What are the hardware requirements for assembly of NGS data using the Geneious de novo Assembler?

The Geneious de novo assembler is intended for use with bacterial genomes and small eukaryote genomes.  For larger eukaryote genomes we recommend using Velvet, which is available as a Geneious plugin.  For more information on which assembler to use see the following Knowledge base article Which-de-novo-assembly-algorithm-is-best-for-my-data-

Storage: The Geneious de novo assembler has very high disk space requirements, so for large assemblies 10’s to 100’s of gigabytes temporary storage may be required.  Storing your database on a solid state drive (SSD) will greatly improve speed and performance.

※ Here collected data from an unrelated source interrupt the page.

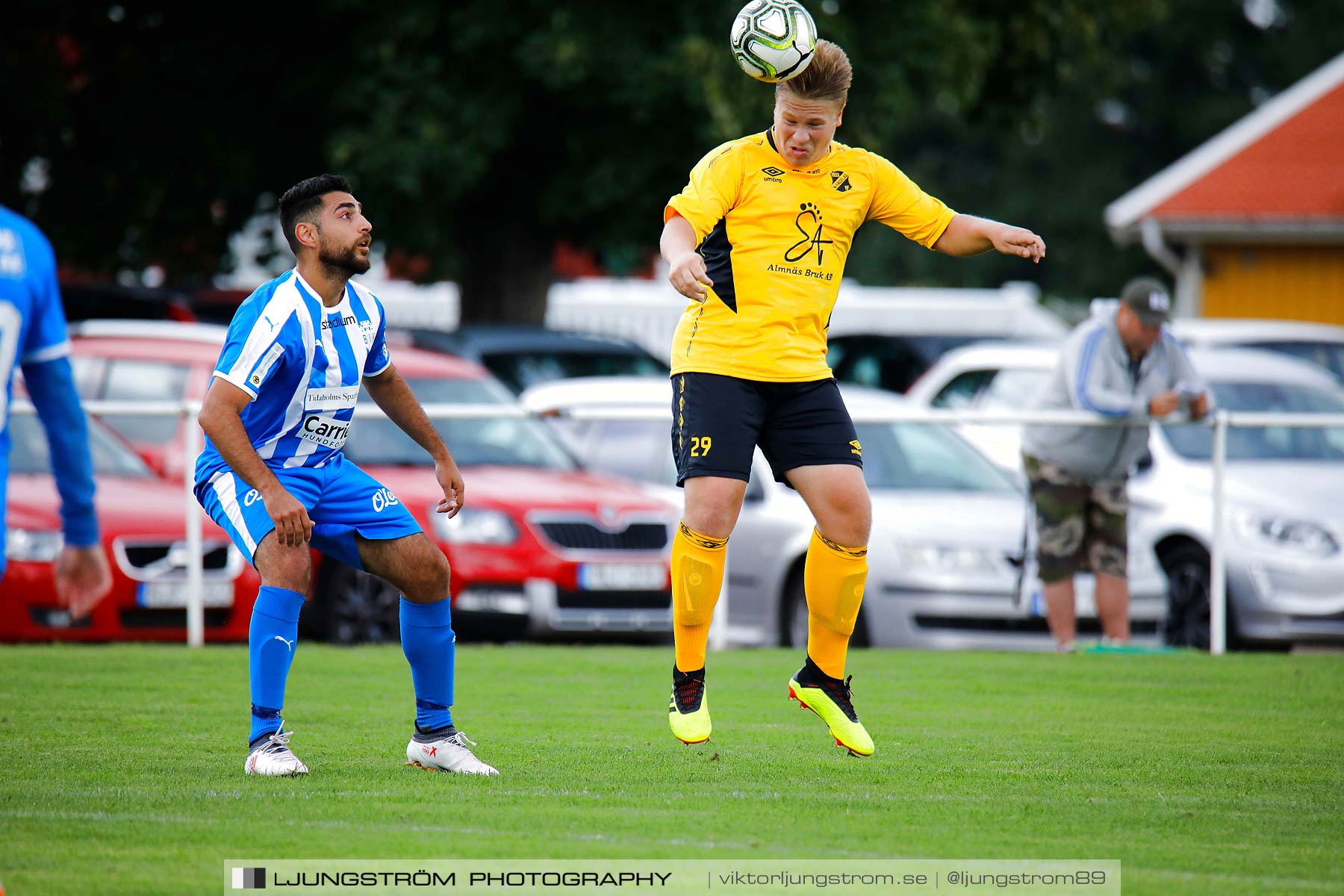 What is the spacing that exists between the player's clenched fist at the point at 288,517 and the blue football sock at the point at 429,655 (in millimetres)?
602

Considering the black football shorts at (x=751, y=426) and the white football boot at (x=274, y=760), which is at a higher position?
the black football shorts at (x=751, y=426)

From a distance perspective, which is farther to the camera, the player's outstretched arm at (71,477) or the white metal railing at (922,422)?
the white metal railing at (922,422)

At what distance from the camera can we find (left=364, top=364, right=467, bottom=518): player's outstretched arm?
6.62m

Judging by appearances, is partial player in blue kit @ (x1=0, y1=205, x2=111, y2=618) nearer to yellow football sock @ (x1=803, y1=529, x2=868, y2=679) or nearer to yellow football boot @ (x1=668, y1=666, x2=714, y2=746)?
yellow football boot @ (x1=668, y1=666, x2=714, y2=746)

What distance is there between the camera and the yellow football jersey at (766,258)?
664 centimetres

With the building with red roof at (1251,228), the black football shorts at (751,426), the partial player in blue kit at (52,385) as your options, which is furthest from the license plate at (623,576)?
the building with red roof at (1251,228)

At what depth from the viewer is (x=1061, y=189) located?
5531cm

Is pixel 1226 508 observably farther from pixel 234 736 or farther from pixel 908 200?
pixel 234 736

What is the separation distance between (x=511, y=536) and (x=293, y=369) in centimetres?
615

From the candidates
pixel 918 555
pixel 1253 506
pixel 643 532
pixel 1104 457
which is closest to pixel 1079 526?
pixel 1104 457

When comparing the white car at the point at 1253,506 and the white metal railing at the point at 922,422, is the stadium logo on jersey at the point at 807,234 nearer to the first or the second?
the white metal railing at the point at 922,422

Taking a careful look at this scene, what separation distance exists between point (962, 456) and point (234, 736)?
6.86 meters

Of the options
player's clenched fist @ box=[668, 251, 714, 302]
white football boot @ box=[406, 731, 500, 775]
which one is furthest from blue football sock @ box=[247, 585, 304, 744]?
player's clenched fist @ box=[668, 251, 714, 302]

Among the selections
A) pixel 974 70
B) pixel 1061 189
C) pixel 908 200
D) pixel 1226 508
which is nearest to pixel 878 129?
pixel 974 70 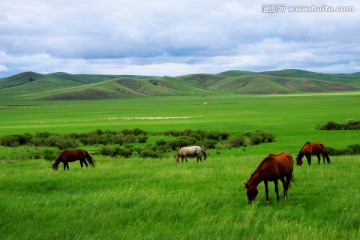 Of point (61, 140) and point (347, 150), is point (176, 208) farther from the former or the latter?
point (61, 140)

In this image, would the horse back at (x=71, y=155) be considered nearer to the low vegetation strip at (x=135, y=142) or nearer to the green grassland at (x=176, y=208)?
the green grassland at (x=176, y=208)

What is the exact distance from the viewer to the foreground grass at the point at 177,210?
8.59 m

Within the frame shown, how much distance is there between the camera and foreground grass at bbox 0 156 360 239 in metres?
8.59

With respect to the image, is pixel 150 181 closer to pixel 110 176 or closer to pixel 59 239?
pixel 110 176

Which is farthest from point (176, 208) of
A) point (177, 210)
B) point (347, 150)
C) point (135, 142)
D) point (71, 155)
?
point (135, 142)

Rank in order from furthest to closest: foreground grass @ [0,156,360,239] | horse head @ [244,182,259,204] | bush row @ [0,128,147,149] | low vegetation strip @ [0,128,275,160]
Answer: bush row @ [0,128,147,149], low vegetation strip @ [0,128,275,160], horse head @ [244,182,259,204], foreground grass @ [0,156,360,239]

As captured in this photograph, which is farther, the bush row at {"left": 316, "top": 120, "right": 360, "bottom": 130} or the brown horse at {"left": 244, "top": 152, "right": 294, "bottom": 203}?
→ the bush row at {"left": 316, "top": 120, "right": 360, "bottom": 130}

Processor:  The Geneious de novo assembler is partially multithreaded so adding processors will speed it up somewhat.  As with most things computing, the faster the processor and more cores the quicker things will be.

RAM: How much RAM you require will depend primarily on the size of your data set and the quality of your dataset.  The graph below provides a rough guide for the minimum and maximum amount of RAM you might need depending on your data set size and type.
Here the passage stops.